The “Princes in the Tower” is an expression frequently used to refer to the young King Edward V of England, and Richard of Shrewsbury, Duke of York, who were placed in the Tower of London by the regent, the Duke of Gloucester (Richard III).
This was supposedly in preparation for Edward V’s forthcoming coronation. However, before the young king could be crowned, he and his brother were declared illegitimate and disappeared from public view under dubious circumstances in AD 1483.
It has become one of the biggest unsolved mysterious of the late Middle Ages, stoked by Shakespeare’s play – Richard III, that portrays Richard as a criminal and tyrant, with subsequent monarch’s keen to paint Richard III as a child killing monster.
Those that defend Richard, rely on the lack of hard evidence connecting the King with the disappearance of the princes, but in a new paper published in the Journal of the Historical Association, the author Professor Thornton argues that there is now clear evidence to substantiate the allegations against the men identified as the boys’ murderers, and to connect them to Richard III.
The paper, titled: “More on a Murder: The Deaths of the ‘Princes in the Tower’, and Historiographical Implications for the Regimes of Henry VII and Henry VIII” – relies on the accounts of Sir Thomas More, who previous historians have questioned simply as ‘Tudor propaganda’.
But Professor Thornton believes that More came to the right conclusion due to some inside knowledge. Two of the famed politician and philosopher’s fellow courtiers were the sons of Miles Forest, one of the men More named as having killed the princes.

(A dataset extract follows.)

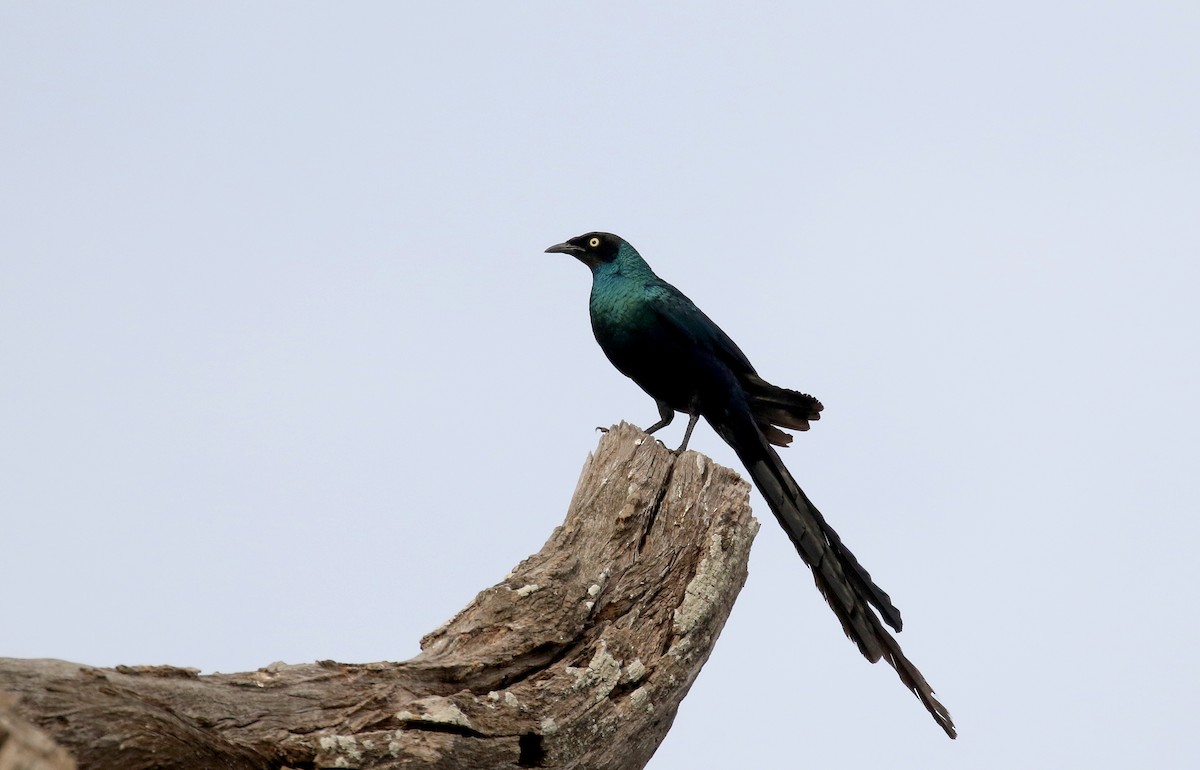 Long-tailed Glossy Starling - ML142118161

“This has been the greatest murder mystery in British history, because we couldn’t really rely on More as an account of what happened – until now,” says Professor Thornton.
“But I have shown that the sons of the chief alleged murderer were at court in Henry VIII’s England, and that they were living and working alongside Sir Thomas More. He wasn’t writing about imaginary people. We now have substantial grounds for believing that the detail of More’s account of a murder is credible.”
The mystery surrounding the princes has resonated for centuries, being revived in the 1670s when the bones of two boys were rediscovered in the Tower of London, and again in the 1930s when the remains, which had been reburied in Westminster Abbey, were scientifically re-examined.